While Duclos said it was an “option” being considered by Canada Post, he did not weigh in on whether the Liberal government would make that change. He acknowledged the changing landscape for mail delivery in Canada but said the government is waiting to see a new model from the Crown corporation to boost revenues and save on costs.
Global News asked Hamilton if proposals like an expansion of community mailboxes were on the table in Canada Post’s turnaround strategy, but he said it was premature to mention “very specific measures.”
Canada Post is also in the midst of negotiating a new contract with the Canadian Union of Postal Workers.

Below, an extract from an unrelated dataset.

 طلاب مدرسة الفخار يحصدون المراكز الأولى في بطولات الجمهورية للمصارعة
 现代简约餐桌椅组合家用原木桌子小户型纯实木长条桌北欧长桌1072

Global News reached out to the CUPW to ask whether there are fears of layoffs in response to Canada Post’s financial concerns but was pointed instead to a statement released Tuesday from the union.

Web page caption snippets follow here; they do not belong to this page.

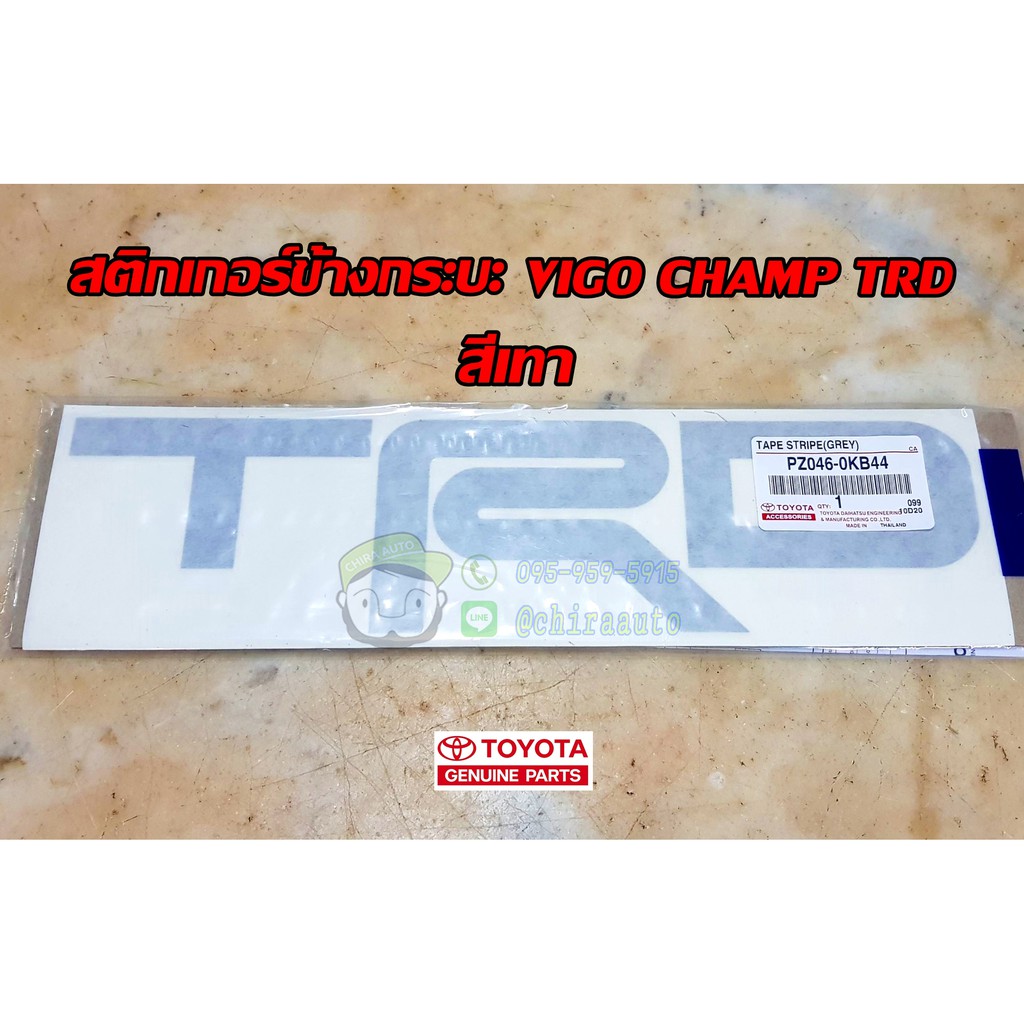 สติกเกอร์ ข้างกระบะ toyota vigo champ trd สีเทา โตโยต้า  วีโก้ (PZ046-0KB44) แท้ห้าง Chiraauto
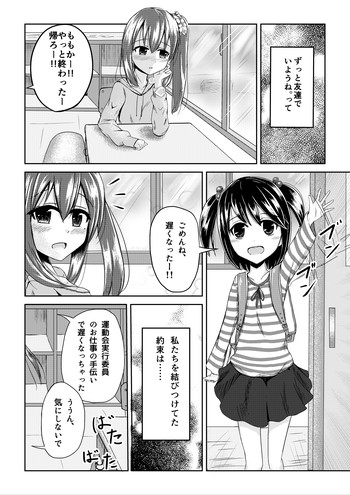 [Rorioiru] Yuugata no Tomodachi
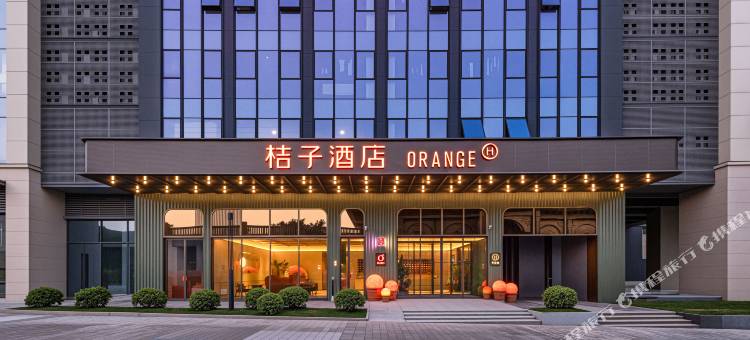 桔子酒店(重庆大学城微电园钟楼广场店)图片
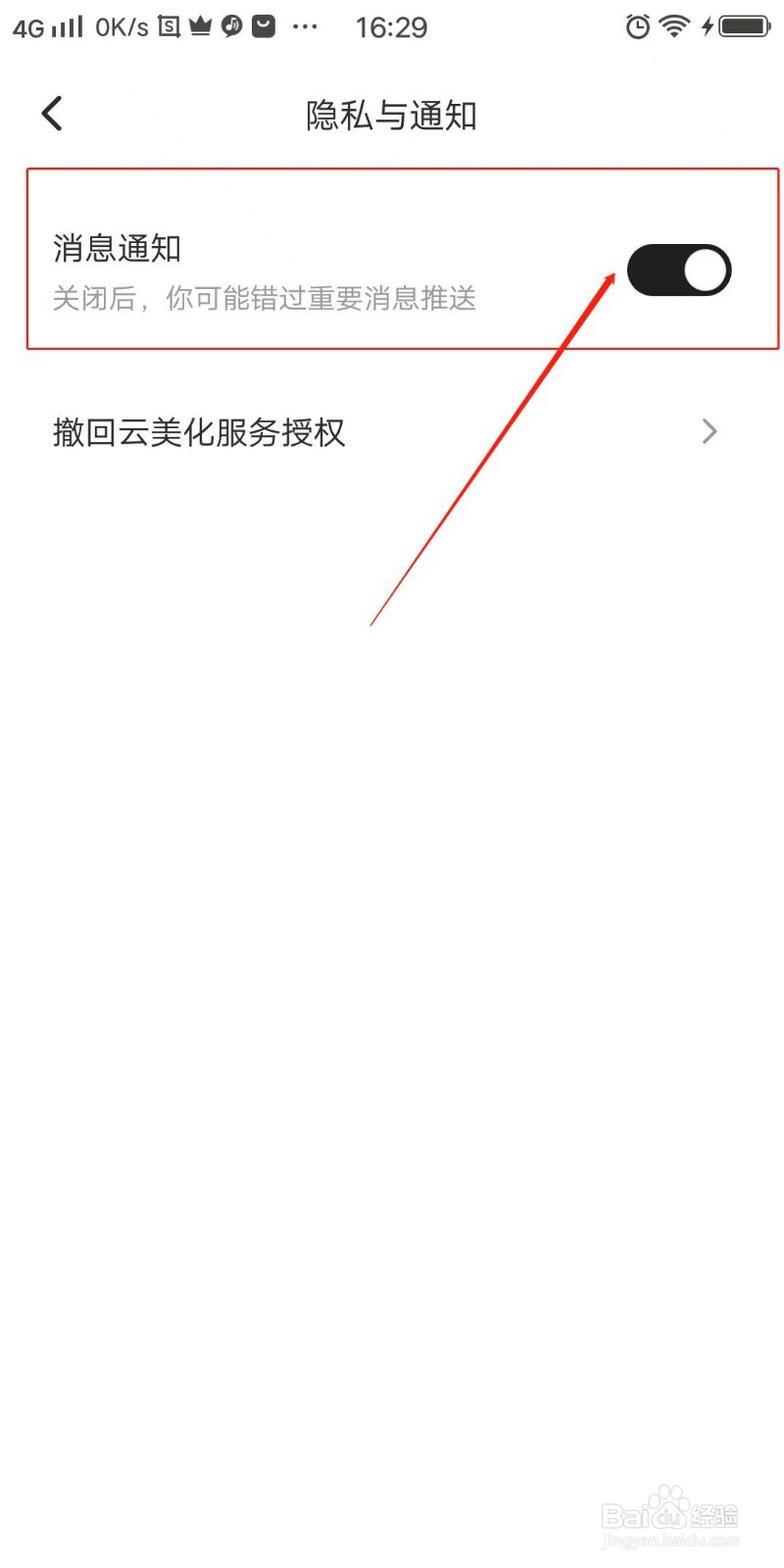 Wink怎么开启消息通知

In that release, the CUPW acknowledged that “the track Canada Post is currently on isn’t working.”
The union pushed for Canada Post’s mandate to evolve beyond mail delivery, as postal services in other parts of the world have done to remain relevant amid the decline in transactional mail.

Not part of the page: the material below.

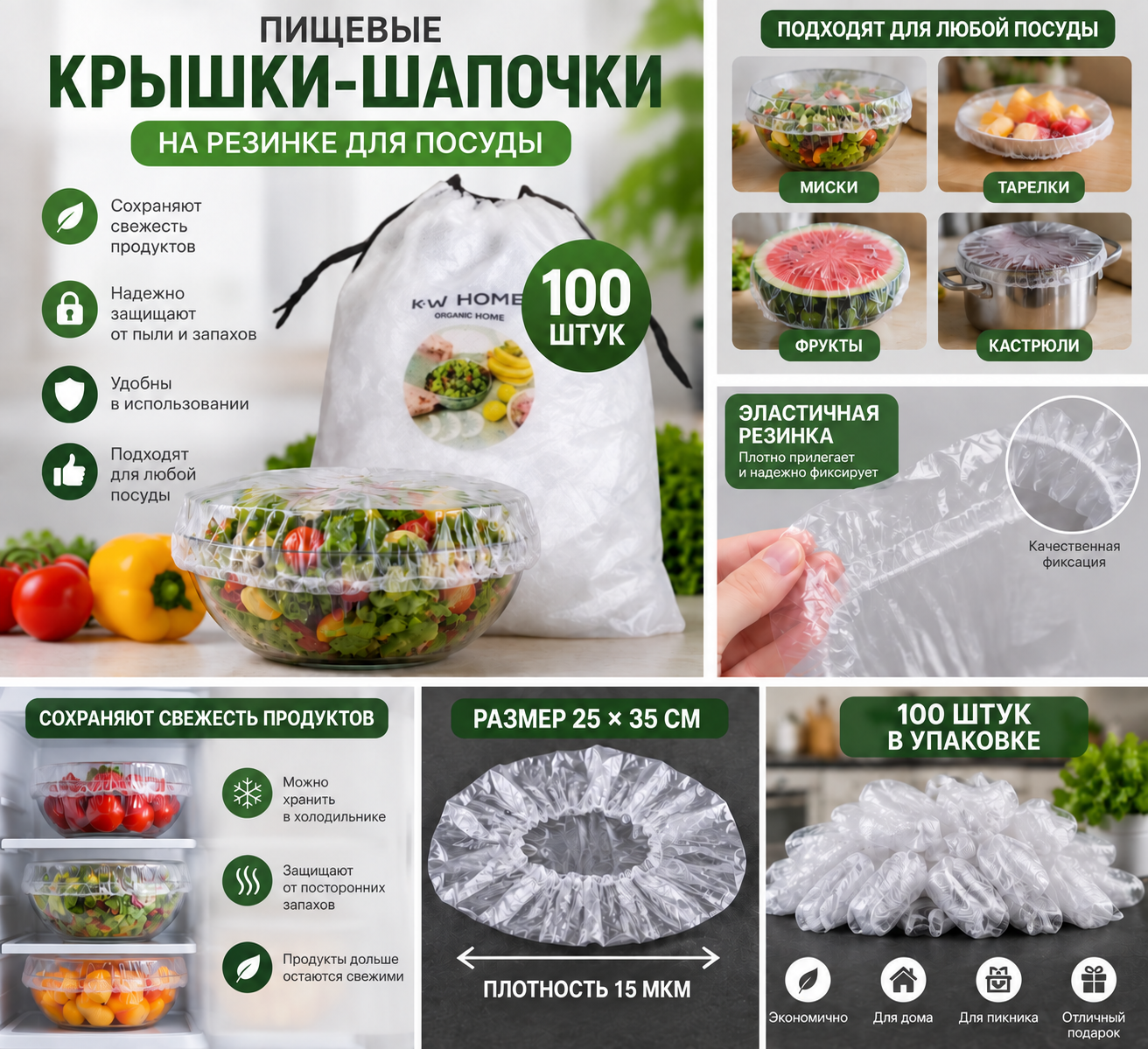 Пищевые крышки-шапочки на резинке для посуды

Some examples included a service Japan offers that checks in on older adults and reports back to family members for a small monthly fee, or other parts of the world like France where the postal service also operates as a bank.
Ryder says Canada Post, with its numerous post offices in centralized locations, could take on services like passport renewals or banking or insurance operations – particularly in remote or rural areas that struggle to attract private service providers.
But he notes that such a move from a Crown corporation would immediately spook the private market, which would complain about a state entity competing in established markets.
Canada Post may require subsidies
Canada Post is currently not directly funded by the Canadian government, with a mandate to run and fund its operations independently.
But with the clock ticking on Canada Post’s coffers, Hamilton says the corporation has been in talks with Ottawa about how to ensure service delivery isn’t disrupted.
“We’re working with the government on some short-term measures to give us some breathing space in terms of financing,” he says.
The 2024 federal budget, tabled last month, said that the federal government would be looking at Canada Post’s portfolio of more than 1,700 post offices as prospects for housing redevelopment in the years to come.
Ryder says he would prefer to see the federal government expand Canada Post’s mandate and let it remain a viable, independent business that provides critical services to Canadians rather than hand out direct subsidies to the organization.
Glen Hodgson, a senior fellow at the C.D. Howe Institute who has analyzed Canada’s Crown corporations in a 2021 report, tells Global News that Canada Post is likely going through an “existential period” to try to figure out what its role will be going forward.
Hodgson says he would not expect a Canada Post-run startup banking service, for example, would get much traction in Canada’s already well-established financial system.
But Canada Post would not be the first or only Crown corporation to receive a government subsidy to continue to do a job under the costs of actually providing that service, he notes.
Via Rail, for example, receives regular government subsidies to be able to offer relatively affordable rail travel across the country, he says.
If Canada Post is unable to salvage its mail delivery business “we may well be entering a world where a subsidy model becomes a real option,” he says.
“I think you end up having to think about the basics, about how to contain costs, to what extent can you raise prices and the market will absorb that. And at the end of the day, you may have to put your hand out and ask the taxpayer for support the way we do with the rail,” Hodgson says.
“It’s a very Canadian model. You try everything and then ask for a subsidy.”